The making of our categories

Ole Jensen

We all organise our world as we live through it, categorising our experiences, with our categories based on who we are, what kind of cultural baggage we carry with us. As I will elaborate below, our categories are continuously tested and updated. The problem arises when category becomes associated with stigma, and when those living with the stigma feel they have to present themselves according to how they expect others to perceive them.

A couple of years ago, I entered a photo into a competition at Woking Photographic Society, of which I am a member. The photo was titled ‘Lady in blue’. The judge generally liked it, but he had one problem; he didn’t understand the title because he couldn’t find the lady. I was a bit miffed, as the burqa-clad Afghan woman was the only person in the entire photo. Obviously, the blue blur did not match the judge’s ‘lady’ category. Not many burqas in Surrey anyway!

Fast forward a few weeks, and I was doing some fieldwork in Hamburg as part of the EUMIA project. It was the first day of my stay, and I was discussing the itinerary of the next few days with a female project worker. The focus of the project was immigrant parents’ involvement in the schooling of their children, and the next day we would be meeting some Afghan women. I found this very interesting and mentioned that I had spent a couple of years in Afghanistan, working for an NGO. ‘Oh’, the project worker said, ‘I am Afghan myself’.

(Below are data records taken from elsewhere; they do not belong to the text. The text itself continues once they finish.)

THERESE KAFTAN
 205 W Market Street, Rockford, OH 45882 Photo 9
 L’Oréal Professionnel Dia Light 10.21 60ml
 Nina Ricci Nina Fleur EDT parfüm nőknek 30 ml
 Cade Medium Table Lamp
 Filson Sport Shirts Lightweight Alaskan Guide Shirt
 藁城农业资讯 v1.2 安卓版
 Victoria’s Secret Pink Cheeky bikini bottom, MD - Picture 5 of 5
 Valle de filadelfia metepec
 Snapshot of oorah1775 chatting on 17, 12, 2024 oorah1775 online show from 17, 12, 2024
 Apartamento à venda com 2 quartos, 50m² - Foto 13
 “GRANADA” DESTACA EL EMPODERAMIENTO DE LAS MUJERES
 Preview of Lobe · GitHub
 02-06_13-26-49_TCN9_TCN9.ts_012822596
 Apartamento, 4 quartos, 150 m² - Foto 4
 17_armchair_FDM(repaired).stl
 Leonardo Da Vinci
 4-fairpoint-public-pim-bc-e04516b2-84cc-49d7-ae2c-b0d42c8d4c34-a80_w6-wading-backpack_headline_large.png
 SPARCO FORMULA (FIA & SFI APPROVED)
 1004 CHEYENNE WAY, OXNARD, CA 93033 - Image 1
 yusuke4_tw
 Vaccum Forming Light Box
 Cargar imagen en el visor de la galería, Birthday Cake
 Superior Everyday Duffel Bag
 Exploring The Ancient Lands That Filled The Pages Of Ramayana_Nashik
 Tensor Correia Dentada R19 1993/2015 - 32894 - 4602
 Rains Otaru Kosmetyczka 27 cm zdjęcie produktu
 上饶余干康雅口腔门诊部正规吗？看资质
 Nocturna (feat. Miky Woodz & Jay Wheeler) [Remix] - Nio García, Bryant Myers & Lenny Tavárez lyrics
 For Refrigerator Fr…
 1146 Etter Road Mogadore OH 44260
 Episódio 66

I remember being surprised, though working in Afghanistan does not necessarily involve a lot of face-to-face encounters with Afghan women. But the surprise nevertheless kept nagging me. Did I expect to spot an Afghan when I saw one?  Was I looking for, if not the burqa then something else that could objectify the Afghan dimension? More fool me, of course, in previous with the previous experience thrown in.

In one sense, it is relatively straightforward. We operate with our categories, and everyday experiences then cause us to affirm or revise them, at least at an individual level.  You get thrown out of balance by an Afghan woman in Hamburg, you take it onboard and move on, category revised, wiser by a bit. But a different concern, reflecting more entrenched divides, comes about if you are constrained by how you think others categorise you.

Earlier this year, my wife mentioned that she had talked to the mother of our daughter’s best friend in school.  She had recommended a tutor she had used: ‘She is Pakistani, but she is a good teacher’, she said. Of course, it is the but that matters here. When the mother, herself from Pakistan, felt she needed to qualify the fact that the tutor is Pakistani, then that would seem to reflect how she expected us, the majority population, to perceive them, holding their category against them.   Yes, it is perhaps a stray remark, but it also resonates with findings from fieldwork I have previously carried out locally, in 2008-09. I referred to it as a ‘culture of suspicion’, with British-Pakistanis asking what their life stories, which we recorded, eventually would be used for. ‘We trust you’, they said, to me or my research assistant. ‘But how much do you know’? We got our stories, but we never managed to entirely erase concerns over how they would be used.

At the end of the day, it becomes about the stigma that a category carries with it – being Pakistani, being Muslim – and preparing for the reservations others might have. Continuously so, as we saw the other week, when David Cameron urged Muslim community leaders to do more to stamp out the radicalisation leading to defections to IS. But isn’t this basically what he asks them to assure him and us: “They are Muslims, but they are OK.”?